What to do
Leaving out all pictures, return the records word for word.

=== Provided records ===

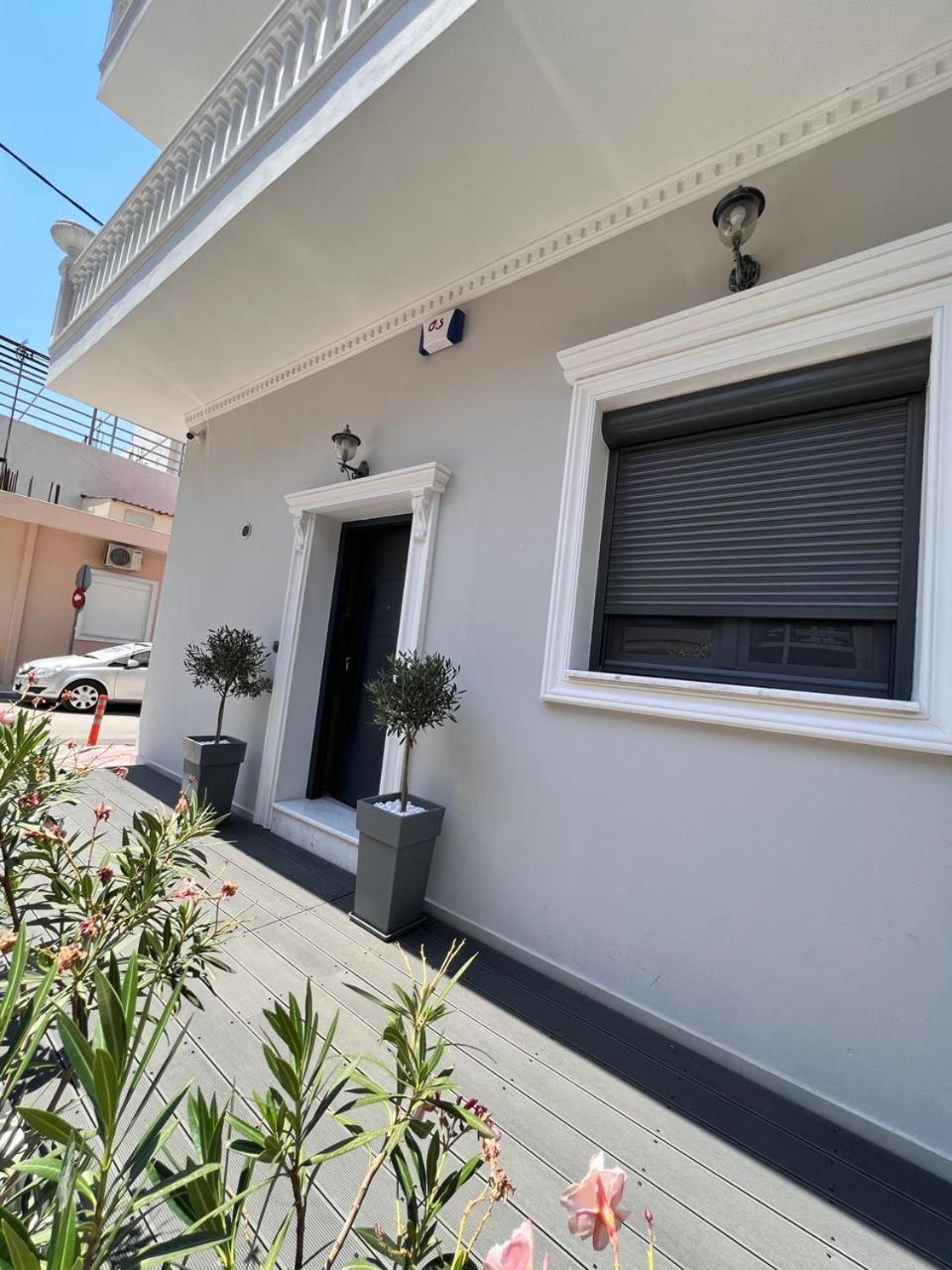 Kontis' Furnished Apartment Loutraki  Eksteriør bilde
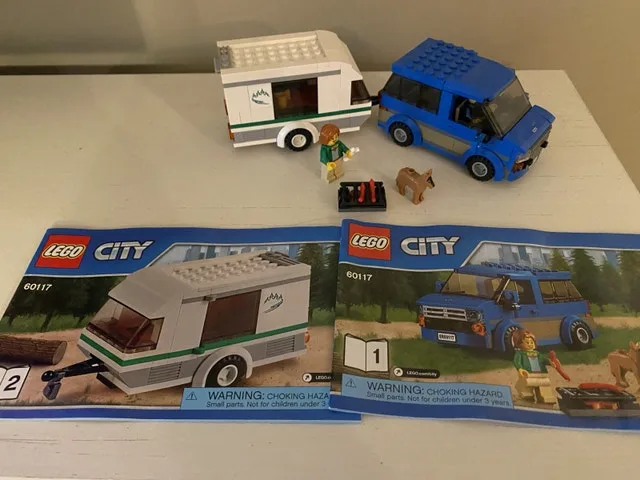 Lego City Van and Caravan # 60117 image indicator(2)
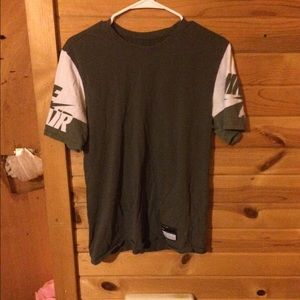 Nike gray and white shirt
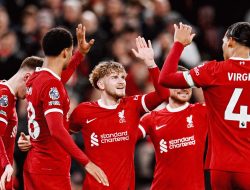 Comeback, Liverpool Bantai Luton 4-1 di Anfield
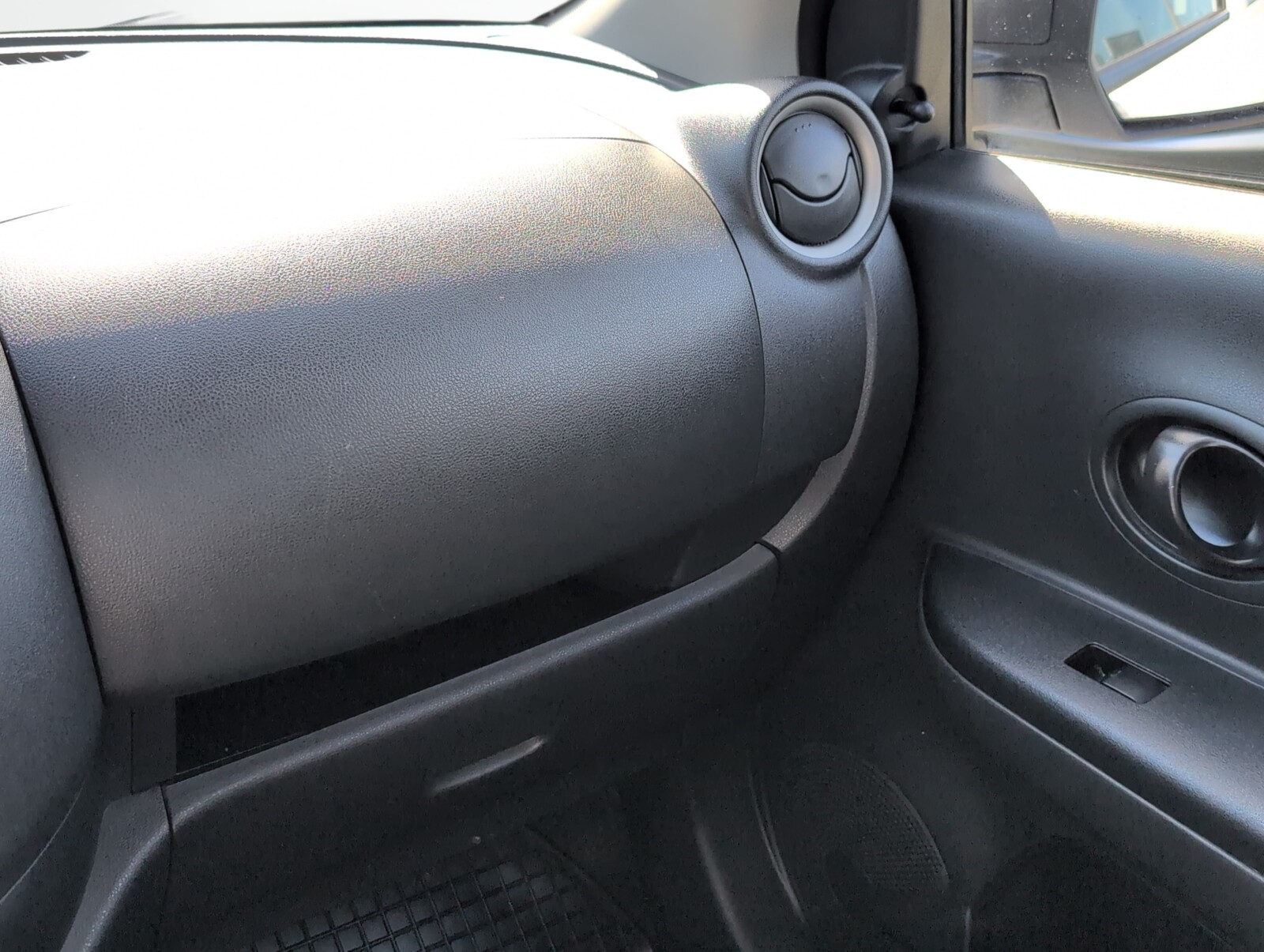 Nissan Micra - zdjęcie 25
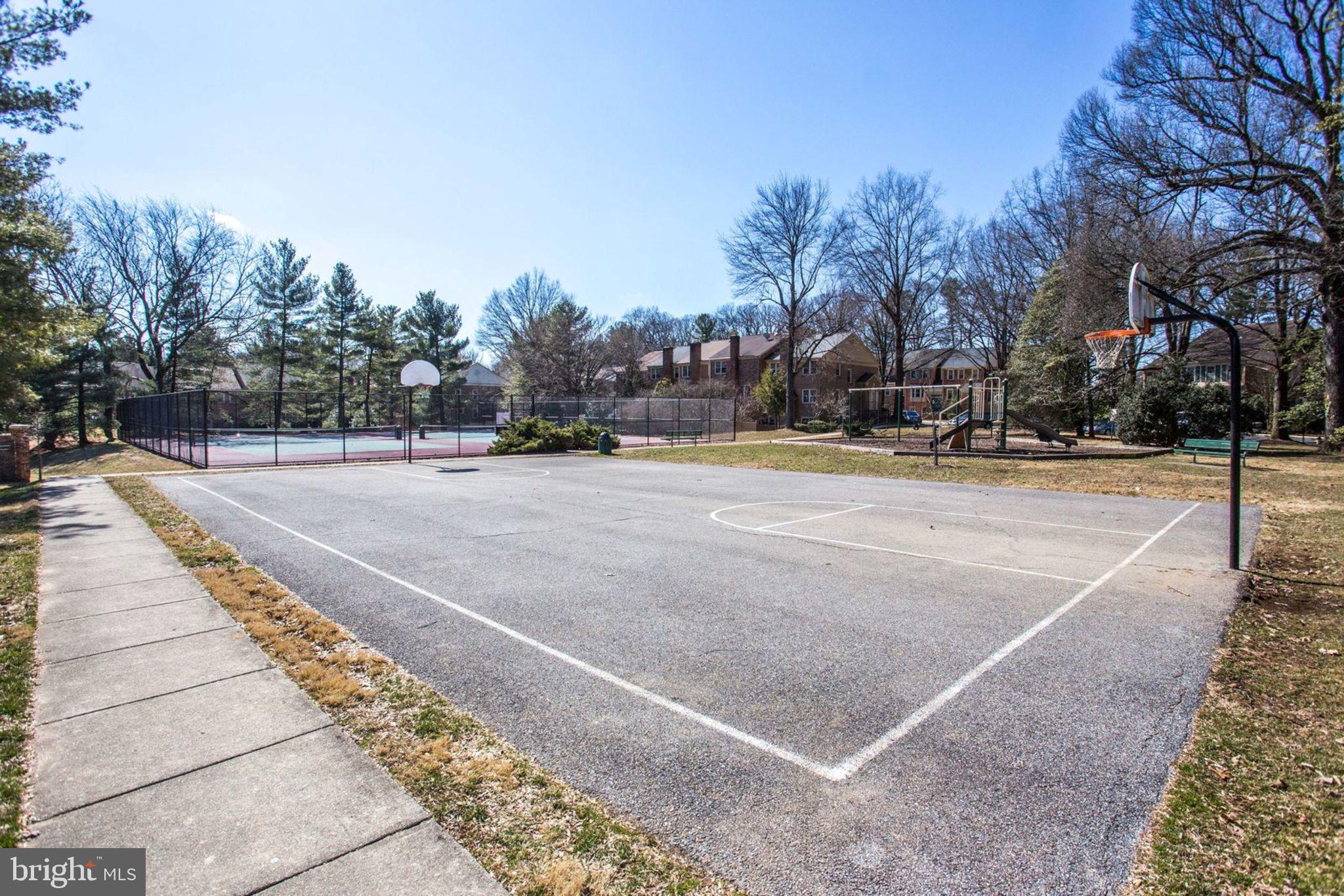 GEORGETOWN VILLAGE - Residential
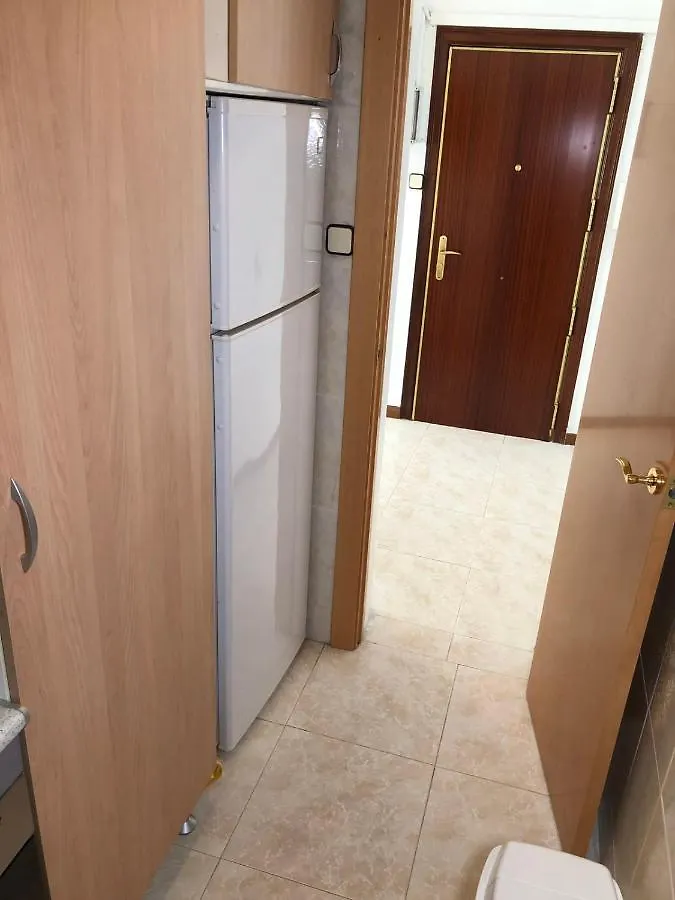 New! Apartment For 3 People Near Fira Gran Via ロスピタレート・デ・リョブレガート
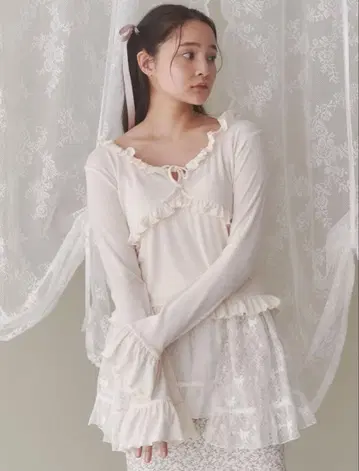 미개봉 완판템 메리제니 긴팔 상의 아이보리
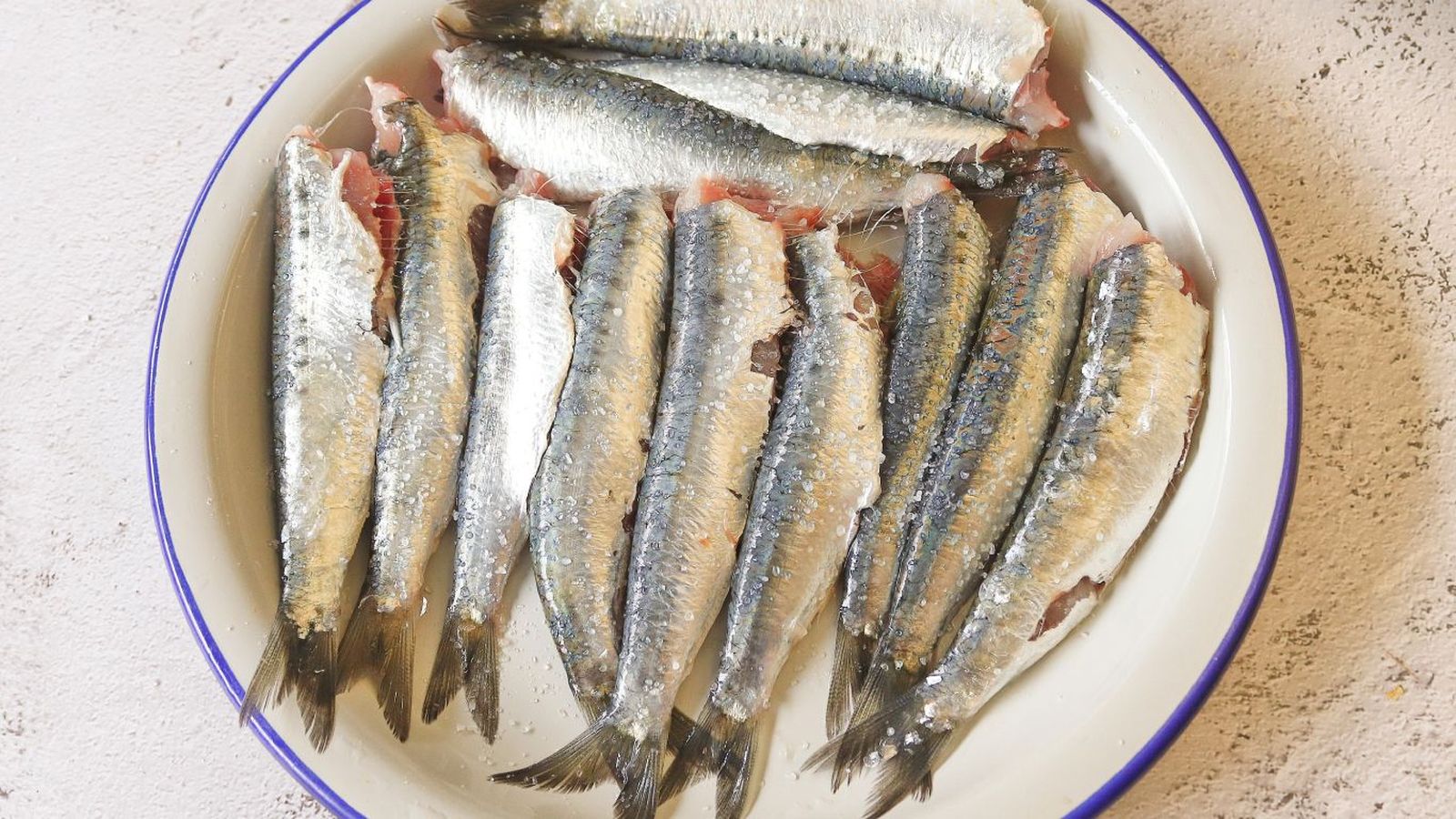 Limpiar sardinas Limpiar sardinas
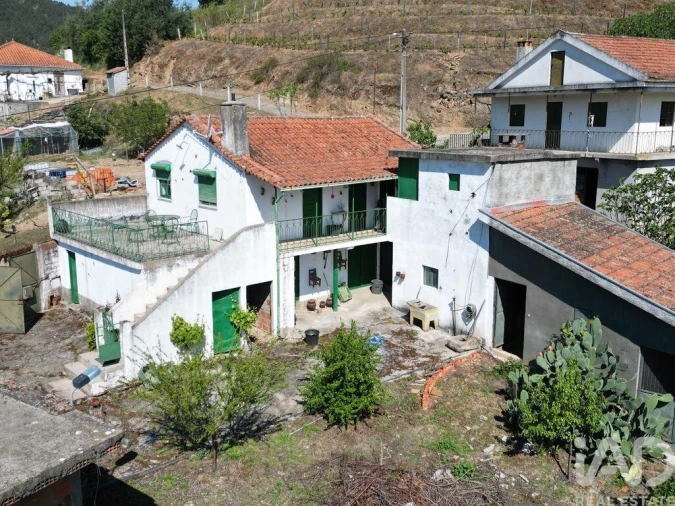 Moradia T2 para Venda em Candedo Foto 28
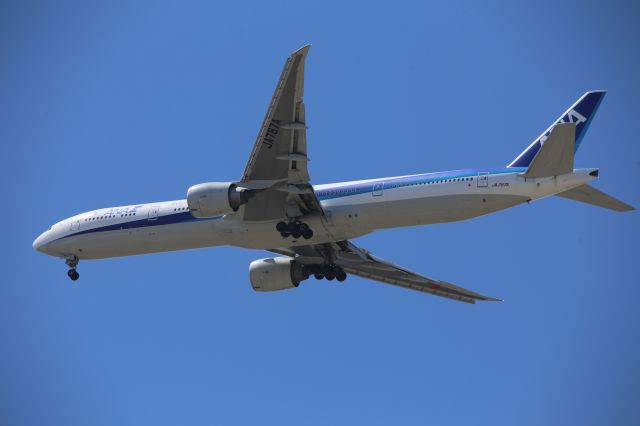 BOEING 777-300ER (JA787A)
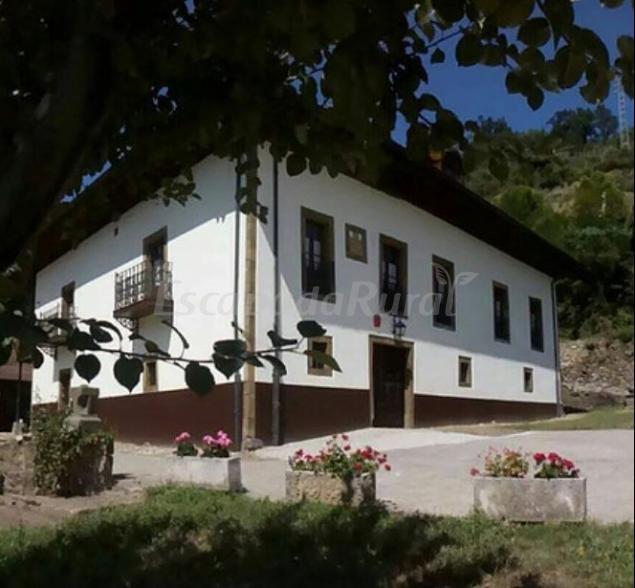 Casa de Aldea Palacio de Galcerán Casa rural en Lena (Asturias)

===

Expected output
 Kontis' Furnished Apartment Loutraki  Eksteriør bilde
 Lego City Van and Caravan # 60117 image indicator(2)
 Nike gray and white shirt
 Comeback, Liverpool Bantai Luton 4-1 di Anfield
 Nissan Micra - zdjęcie 25
 GEORGETOWN VILLAGE - Residential
 New! Apartment For 3 People Near Fira Gran Via ロスピタレート・デ・リョブレガート
 미개봉 완판템 메리제니 긴팔 상의 아이보리
 Limpiar sardinas Limpiar sardinas
 Moradia T2 para Venda em Candedo Foto 28
 BOEING 777-300ER (JA787A)
 Casa de Aldea Palacio de Galcerán Casa rural en Lena (Asturias)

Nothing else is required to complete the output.